For decades, the three-month deadline to bring an employment tribunal claim has quietly protected many employers. It caught out employees who were indecisive, unwell, or unaware. That window has served as a deterrent and a defence.
That is about to change.
Section 149 of the Employment Rights Bill extends the limitation period for nearly every employment claim from three months to six. That means more claims. More threats of claims. More negotiations. More pressure.
Schedule 12 of the Bill is sweeping. It amends the time limit provisions in the Employment Rights Act, TUPE, the Working Time Regulations, TULRCA, the Equality Act, and others. It leaves very few stones unturned.
The change to six months is not as simple as it sounds.
Six months doesn’t mean six months.
Employees still get additional time to bring a claim due to Acas Early Conciliation. In discrimination cases, tribunals can extend time where it’s just and equitable. In unfair dismissal cases, tribunals can extend time where it wasn’t reasonably practicable to bring the claim earlier. So while the default has doubled, the margin for extensions remains.
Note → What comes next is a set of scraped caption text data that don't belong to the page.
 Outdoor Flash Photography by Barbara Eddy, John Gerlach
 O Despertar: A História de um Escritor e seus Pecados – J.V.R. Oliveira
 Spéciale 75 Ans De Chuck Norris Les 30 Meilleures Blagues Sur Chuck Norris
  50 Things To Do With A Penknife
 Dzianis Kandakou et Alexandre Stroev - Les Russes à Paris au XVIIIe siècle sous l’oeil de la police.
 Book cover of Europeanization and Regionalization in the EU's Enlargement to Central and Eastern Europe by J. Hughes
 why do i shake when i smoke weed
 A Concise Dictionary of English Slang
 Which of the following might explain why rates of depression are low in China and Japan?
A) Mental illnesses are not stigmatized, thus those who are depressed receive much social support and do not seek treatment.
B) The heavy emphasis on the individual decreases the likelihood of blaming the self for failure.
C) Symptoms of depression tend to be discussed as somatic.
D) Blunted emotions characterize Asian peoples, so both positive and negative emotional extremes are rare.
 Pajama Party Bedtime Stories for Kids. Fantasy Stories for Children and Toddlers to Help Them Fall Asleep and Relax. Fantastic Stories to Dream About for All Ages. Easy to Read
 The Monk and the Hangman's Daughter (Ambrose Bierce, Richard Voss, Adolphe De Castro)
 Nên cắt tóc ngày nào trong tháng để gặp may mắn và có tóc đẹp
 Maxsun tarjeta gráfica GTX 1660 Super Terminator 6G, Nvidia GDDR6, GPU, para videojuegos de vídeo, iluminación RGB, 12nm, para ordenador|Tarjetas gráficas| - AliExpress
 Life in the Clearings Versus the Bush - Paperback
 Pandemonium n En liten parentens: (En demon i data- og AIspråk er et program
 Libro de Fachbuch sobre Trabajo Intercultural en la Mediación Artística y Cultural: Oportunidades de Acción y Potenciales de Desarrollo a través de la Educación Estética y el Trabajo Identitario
Before the implementation of the Employment Rights Bill there are three urgent steps employers should be taking now:
1. Review and extend document retention policies. You may need to hold on to records for at least nine months after any incident – longer if litigation seems possible.
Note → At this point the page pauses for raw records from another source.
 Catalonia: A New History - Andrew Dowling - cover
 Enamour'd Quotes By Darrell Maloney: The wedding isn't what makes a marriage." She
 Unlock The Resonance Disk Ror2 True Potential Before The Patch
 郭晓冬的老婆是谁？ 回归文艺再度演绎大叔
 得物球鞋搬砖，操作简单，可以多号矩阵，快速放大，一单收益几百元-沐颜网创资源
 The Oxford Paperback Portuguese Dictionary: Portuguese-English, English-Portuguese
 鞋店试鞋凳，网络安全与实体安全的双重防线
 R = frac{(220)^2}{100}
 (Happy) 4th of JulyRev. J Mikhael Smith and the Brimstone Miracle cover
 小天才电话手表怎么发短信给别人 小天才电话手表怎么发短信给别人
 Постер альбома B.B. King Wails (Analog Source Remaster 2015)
2. Reassess HR budgets and insurance cover. Longer claim windows are likely to trigger more claims, which in turn may raise premiums.
3. Strengthen internal grievance and appeal processes. With more time to raise and resolve issues before claim deadlines, early resolution becomes more viable.
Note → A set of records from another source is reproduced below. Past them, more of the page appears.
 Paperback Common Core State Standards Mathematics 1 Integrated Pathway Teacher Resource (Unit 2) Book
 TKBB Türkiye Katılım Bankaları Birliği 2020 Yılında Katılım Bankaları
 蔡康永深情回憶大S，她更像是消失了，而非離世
For employees’ advisers, this means more time to build stronger claims. More time for Subject Access Requests. More time to negotiate. And more time to bring cases that would previously have lapsed by the time an employee had found a solicitor.
The impact of this change will be felt across the board. More pressure. More paperwork. More litigation and more need for vigilance. This isn’t just a procedural change. It’s a fundamental rebalancing of the litigation landscape in employment law.
Three months was a sprint. Six months is a marathon. And you need to pace yourself accordingly.